Work request: Here is a listing. Write it all out again exactly, but not its pictures.

Information shown:
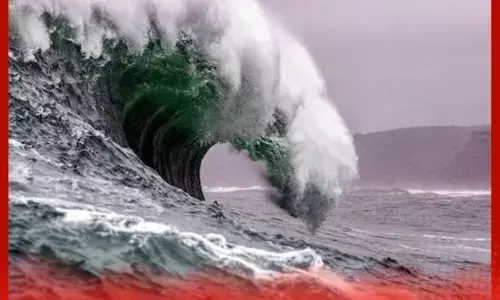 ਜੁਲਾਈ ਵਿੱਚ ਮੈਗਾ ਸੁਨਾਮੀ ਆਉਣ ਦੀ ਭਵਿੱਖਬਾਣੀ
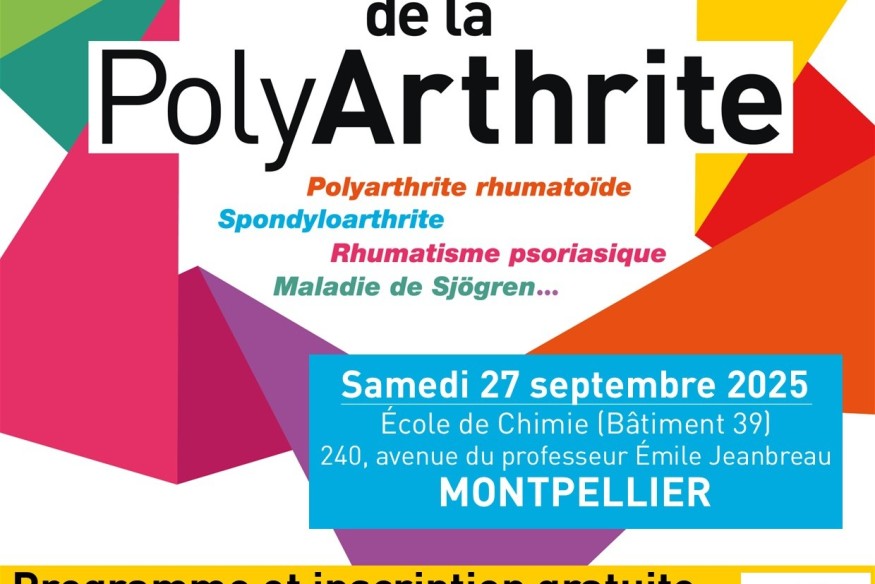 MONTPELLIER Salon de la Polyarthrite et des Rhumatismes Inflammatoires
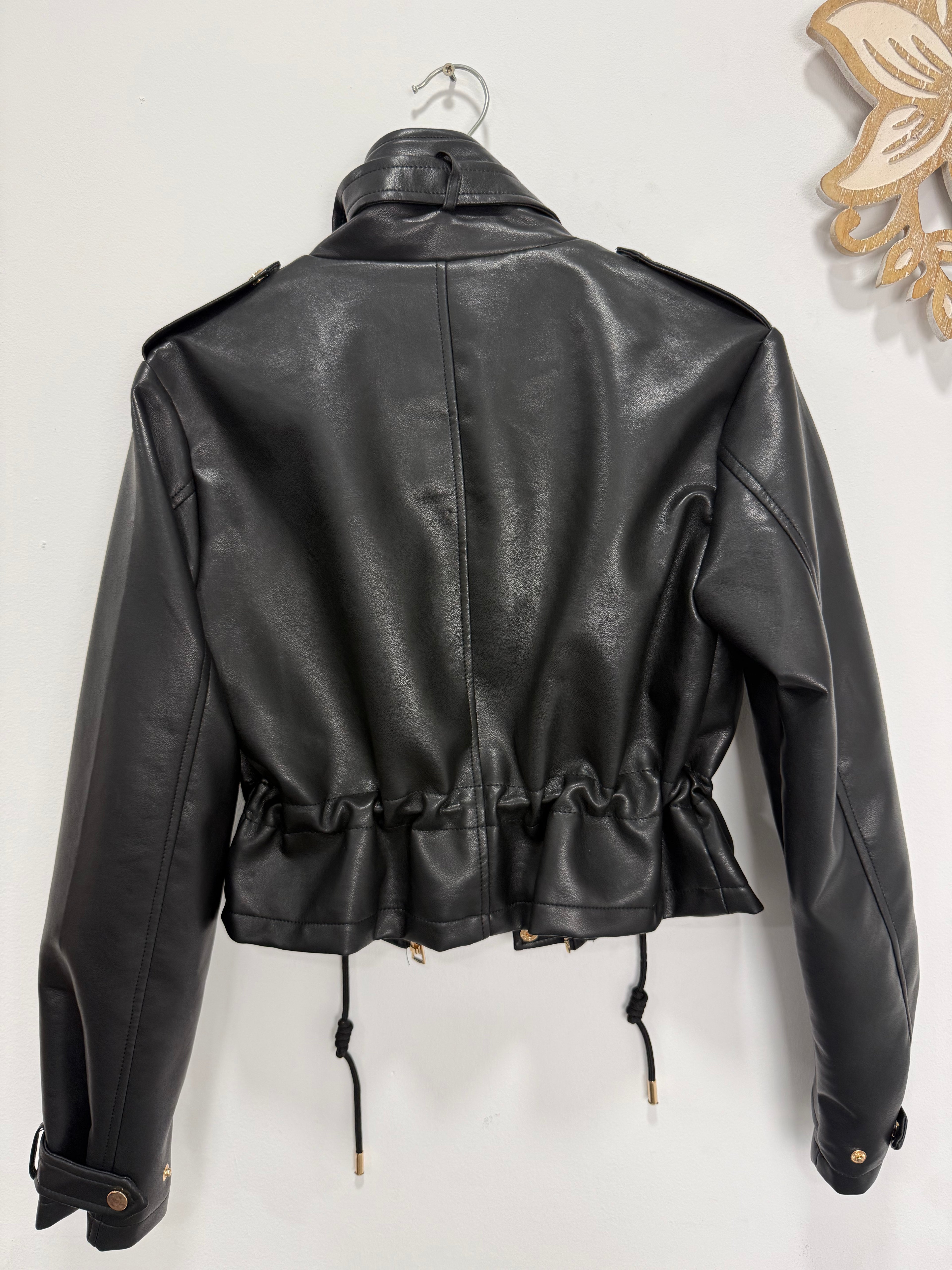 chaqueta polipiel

Your response:
 ਜੁਲਾਈ ਵਿੱਚ ਮੈਗਾ ਸੁਨਾਮੀ ਆਉਣ ਦੀ ਭਵਿੱਖਬਾਣੀ
 MONTPELLIER Salon de la Polyarthrite et des Rhumatismes Inflammatoires
 chaqueta polipiel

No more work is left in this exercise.